A tragédia (daí, talvez, a razão de os gregos terem fascínio por ela) tem sua manifestação surpreendente. No caso do xerife Kane ela chega no exato dia de seu casamento com a jovem e loira Amy Fowler, vivida por Grace Kally (1929-1982), quase irreconhecível com a beleza refinada dos 23 anos.

A cidade inteira sugere ao xerife que ele vá embora como forma de se livrar de Frank Miller e os membros do seu bando. O xerife aceita a sugestão, coloca as bagagens do casal numa carroça e parte, mas não vai longe. Sua consciência e dever social fazem com que retorne. Em resposta aos que condenam sua decisão, ele diz que para onde for Frank Miller estará em seu encalço. Claro que a frase tem sentido duplo: pode haver uma perseguição física, menos provável, mas haverá sempre uma lembrança, sob a forma de covardia e omissão se ele não se enfrentar com seus perseguidores e assim libertar sua consciência. Humanos que enxergam mais longe têm o privilégio de ver o que ainda não se manifestou à maioria. Mas sofrem o castigo por essa antecipação ousadia.

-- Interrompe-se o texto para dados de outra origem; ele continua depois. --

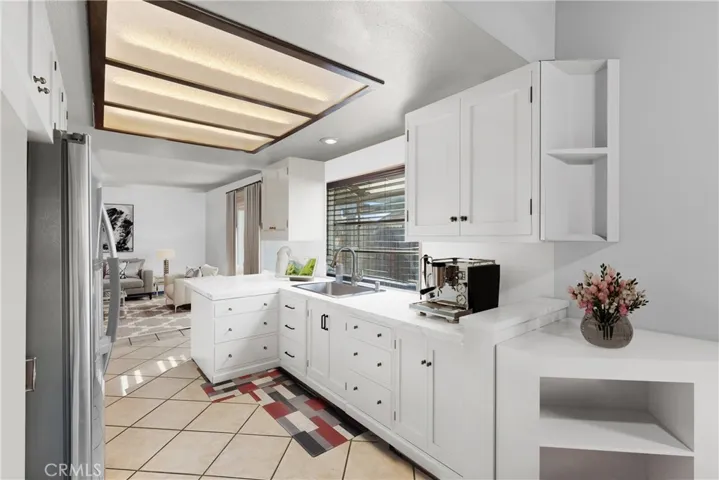 virtually staged kitchen as example
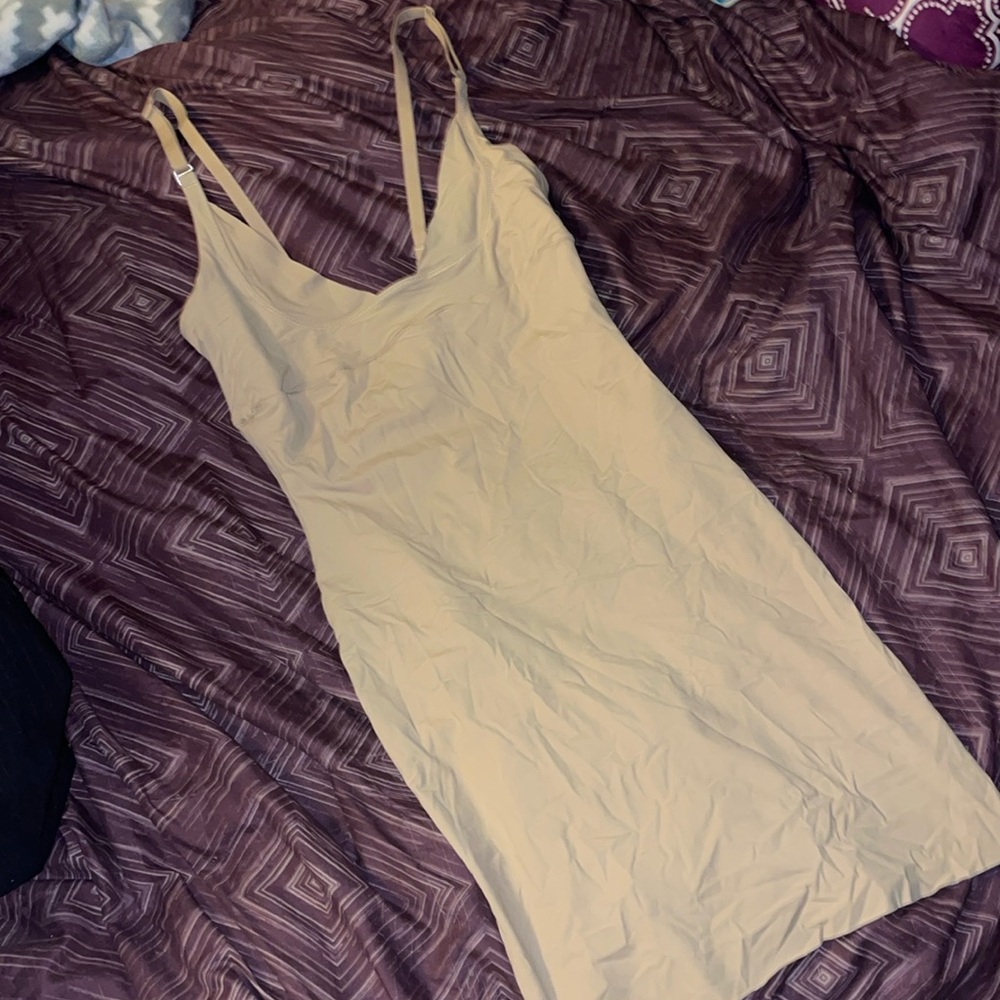 Maidenform Slip - Picture 2 of 8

High Noon, com direção do austríaco naturalizado americano Fred Zinnemann (1907-1997) inspirou uma série de outros westerns, mas não foi poupado pelos puristas, os reacionários de sempre, sem coragem para assumir seus atos. Preferem justificar a omissão por circunstâncias externas, entre elas uma suposta falta de alternativa. Para eles, High Noon traiu a tradição, quando, na realidade, desde que chegou às telas e encantou milhões de cinéfilos pelo mundo, esteve entre os mais belos e corajosos libelos contra a omissão que, eventualmente, pode se apossar de uma sociedade inteira, como ocorreu na pequena Hadleyville onde as pessoas esconderam suas consciências atrás de portas bem trancadas.
Consulto meu “Great Hollywood Westerns”, de Ted Sennet, abordando o que houve de melhor neste gênero em que o herói se mostra na sua grandeza solar enquanto arquétipo na classificação de Joseph Campbell que ensinou e estimulou uma vasta produção no universo fantástico da mitologia.

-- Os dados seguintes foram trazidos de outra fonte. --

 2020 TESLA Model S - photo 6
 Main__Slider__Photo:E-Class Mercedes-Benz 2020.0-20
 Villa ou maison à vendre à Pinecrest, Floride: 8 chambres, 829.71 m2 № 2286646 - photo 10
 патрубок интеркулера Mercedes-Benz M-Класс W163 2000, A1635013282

Em High Noon, em diálogo com um amigo que se recusa a ajuda-lo a enfrentar a ameaça de Frank Miller e seu bando, o xerife Kane diz que “as pessoas se importam com a lei, desde que não precisem fazer nada para isso”, o que significa dizer, completa ele “que talvez não se importem nem um pouco com ela”.
O povo, por mais difícil que seja dizer, na essência é feio, sujo e malvado. Para ascender à dignidade humana necessita de educação e cultura. Por isso essas condições lhes tem sido sistematicamente negadas, ainda que essa negação não tenha como ser completa. Espíritos livres também brotam no terreno bruto do povo. Como oásis que emergem em meio aos desertos. E isso frustra as forças da opressão.